Hurricane straps keep roofs on houses and can improve safety during tornadoes

Gregory Kopp, Western University

Many people think of a well-built house as one where the walls are strong enough to hold up the roof so it won’t fall on them. This is reinforced by children’s stories like the Three Little Pigs, where the house made of brick is the strongest when the Big Bad Wolf comes to town.

When a strong tornado passes through a neighbourhood, it results in total chaos. Debris is everywhere. Shingles and siding and bricks are thrown about. Entire roofs are tossed, often landing on neighbouring homes. Walls collapse, cars are rolled and flipped. Insulation is stuck to every surface like a strange snowfall.

On July 15, a tornado struck Barrie, Ont., destroying several homes: Could anything have been done to minimize the damage in Barrie?

Holding on to the roof

In any windstorm, tornadoes included, the roof needs to be secured — this is due to the uplift, the same physics that allows an aircraft to fly. This runs counter to our intuition since we tend to think about roofs collapsing, not flying. The uplift is the main vulnerability of houses. The structure of residential roofs in Canada tend to be strong because they are designed to handle the heavy weight of snow in winter.

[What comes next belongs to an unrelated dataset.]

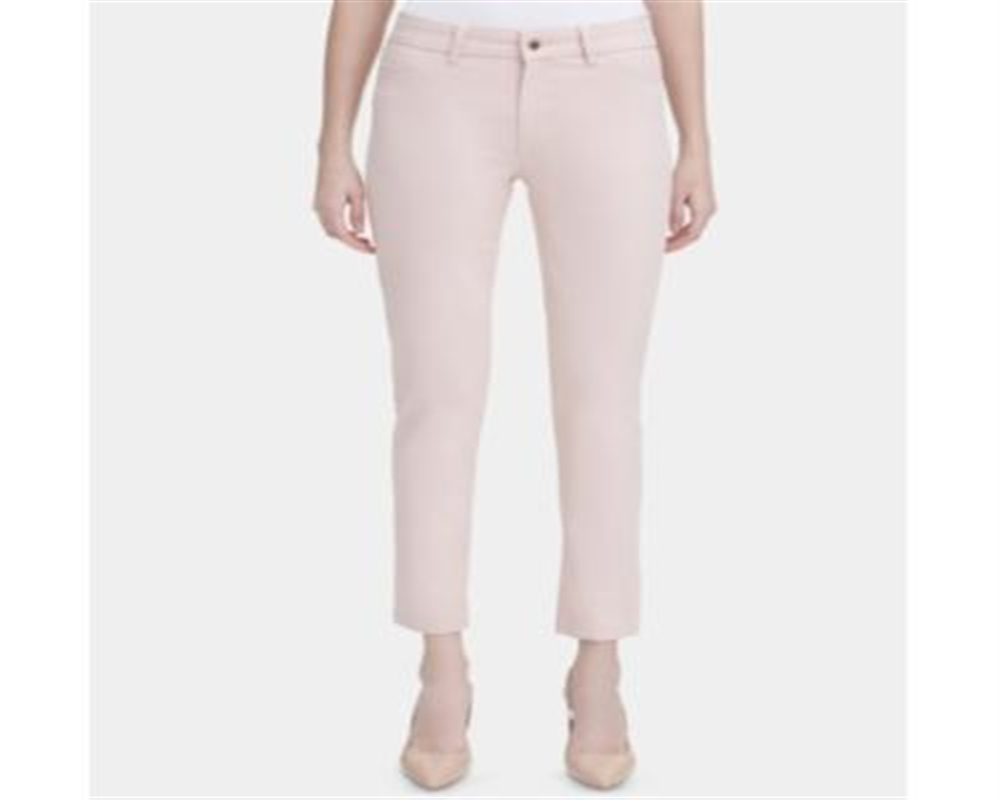 Calvin Klein Women's Denim Mid-Rise Straight Leg Jeans Blush Size 12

For the wind, which acts in the opposite direction as the snow, it is the nails connecting the trusses to the top of the wall that become critical to ensure that the roof stays in place during a severe storm.

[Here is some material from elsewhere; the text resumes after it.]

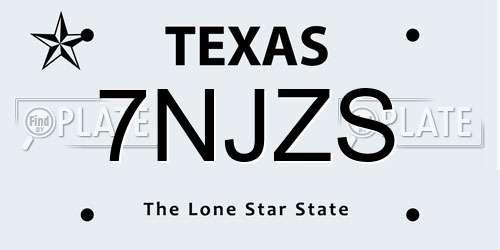 7NJZS Texas License Plate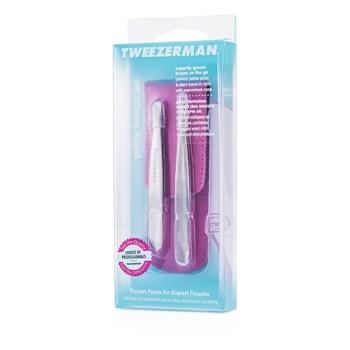 OJAM Online Shopping - Tweezerman Petite Tweeze Set: Slant Tweezer + Point Tweezer - (With Pink Case) 2pcs Make Up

The National Building Code of Canada requires three nails — just over three inches long — in each roof-to-wall connection. These toe nails, as they are called, are what hold the roof down in the wind. If this is done properly, the roof structure should be safe until wind speeds reach about 160 kilometres an hour. At such wind speeds, asphalt shingles may blow off but the roof structure will remain intact.

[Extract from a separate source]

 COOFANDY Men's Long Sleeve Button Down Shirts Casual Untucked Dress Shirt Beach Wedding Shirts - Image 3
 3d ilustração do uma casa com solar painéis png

Houses are not designed for tornadoes, although the building code discusses tornadoes. The requirements for fastening the walls to the foundations were developed to deal with tornadoes. These were included in the 1995 release of the National Building Code following tragic deaths in 1984 when cottages were swept into Blue Sea Lake in Québec, along with post-storm observations following a 1985 tornado in Barrie.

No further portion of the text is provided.